2006’da ayrıldım dediniz, neden 2006?

Kongrede iki ayrı ekip çıktı. Olaylar biraz çirkinleşti. Ben 2006’da partideki görevimden ayrıldım ancak gönül bağı dedikleri şey devam ediyordu. 2018’de ilkokul öğretmenim bana ‘Çok yakında bir erken seçim yapılacak, seçim sonrasında da Türkiye’yi çok büyük mali kriz bekliyor’ dedi. Ben tabi inandıklarımdan ödün vermedim.  Sonrasında gerçekten erken seçim oldu ve çok büyük mali sıkıntılar yaşandı. Ben orada ‘Acaba ben yanlış tarafta mıyım? Hocamın dediği her şey çıkıyor’ düşündüm. Bizler o zaman köprüye, yola karşı çıkılır mı modundayız. Ama zaman çok geçmedi ki bizler de doğruları gördük. O insanlar köprüye değil, yapılış yöntemine, maliyetine karşı çıkıyorlar.
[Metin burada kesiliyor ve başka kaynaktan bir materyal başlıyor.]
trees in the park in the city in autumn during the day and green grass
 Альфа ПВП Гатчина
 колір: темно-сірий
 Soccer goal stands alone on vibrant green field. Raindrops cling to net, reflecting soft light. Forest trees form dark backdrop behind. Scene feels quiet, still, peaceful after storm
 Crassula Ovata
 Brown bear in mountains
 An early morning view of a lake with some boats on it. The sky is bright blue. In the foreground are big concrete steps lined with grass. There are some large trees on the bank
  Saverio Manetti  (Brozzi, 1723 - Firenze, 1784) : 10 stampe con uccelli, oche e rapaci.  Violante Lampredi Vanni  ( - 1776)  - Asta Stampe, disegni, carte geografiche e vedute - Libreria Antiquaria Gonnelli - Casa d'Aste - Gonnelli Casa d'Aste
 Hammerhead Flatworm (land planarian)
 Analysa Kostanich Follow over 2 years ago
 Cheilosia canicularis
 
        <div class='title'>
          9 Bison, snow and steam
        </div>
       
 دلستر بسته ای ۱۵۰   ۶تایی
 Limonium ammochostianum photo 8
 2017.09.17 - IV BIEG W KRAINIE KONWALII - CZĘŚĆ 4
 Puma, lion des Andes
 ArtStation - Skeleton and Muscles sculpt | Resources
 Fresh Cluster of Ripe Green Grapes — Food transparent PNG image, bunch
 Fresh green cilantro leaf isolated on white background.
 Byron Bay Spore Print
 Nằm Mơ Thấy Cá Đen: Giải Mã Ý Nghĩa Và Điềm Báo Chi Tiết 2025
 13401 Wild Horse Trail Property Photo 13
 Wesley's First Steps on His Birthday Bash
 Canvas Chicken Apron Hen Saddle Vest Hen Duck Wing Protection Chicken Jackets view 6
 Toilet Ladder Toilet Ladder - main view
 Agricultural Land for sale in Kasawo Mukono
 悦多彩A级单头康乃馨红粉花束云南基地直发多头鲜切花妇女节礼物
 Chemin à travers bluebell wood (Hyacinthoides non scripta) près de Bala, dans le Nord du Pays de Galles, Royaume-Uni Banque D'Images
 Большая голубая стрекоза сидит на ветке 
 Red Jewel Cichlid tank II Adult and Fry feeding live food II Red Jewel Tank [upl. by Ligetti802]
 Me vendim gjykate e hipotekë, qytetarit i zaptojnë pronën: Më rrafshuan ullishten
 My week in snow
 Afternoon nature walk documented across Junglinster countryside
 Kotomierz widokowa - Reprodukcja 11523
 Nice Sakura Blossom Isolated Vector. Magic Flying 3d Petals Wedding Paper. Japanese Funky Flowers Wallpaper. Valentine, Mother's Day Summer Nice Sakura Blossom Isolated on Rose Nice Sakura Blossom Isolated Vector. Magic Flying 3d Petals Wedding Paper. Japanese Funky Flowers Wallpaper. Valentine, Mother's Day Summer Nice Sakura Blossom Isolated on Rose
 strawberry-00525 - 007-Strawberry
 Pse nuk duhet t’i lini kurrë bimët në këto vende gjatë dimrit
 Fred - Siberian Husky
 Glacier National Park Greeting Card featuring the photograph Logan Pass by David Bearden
Artık dışarıdan bir gözle bakmaya başladınız…

Buradan sonra boşluğa düştüm. Düşünmeye başladım. Birazda olaylara dışarıdan bakmaya çalışınca gerçekler gün yüzüne çıktı. Sonrasında Ali Babacan’ın parti kuracağı söylentileri vardı ki biz Ali Babacan’ı 2004’lerde bizlere örnekti. Dünyayı tanıyan bilen, 33 yaşında bakan olan bir insandı. Aslında partide bu denli başarı hikâyesi yazan iki adam var. Birisi Ali Babacan diğeri Mehmet Şimşek. Sonrasında artık Ak Parti’nin benim ideolojik düşüncelerimi karşılamadığımı hissettiğim için tamamen ayrıldım.

ARGE başkanlığı yaptınız, hazırladığınız bir rapor vardı…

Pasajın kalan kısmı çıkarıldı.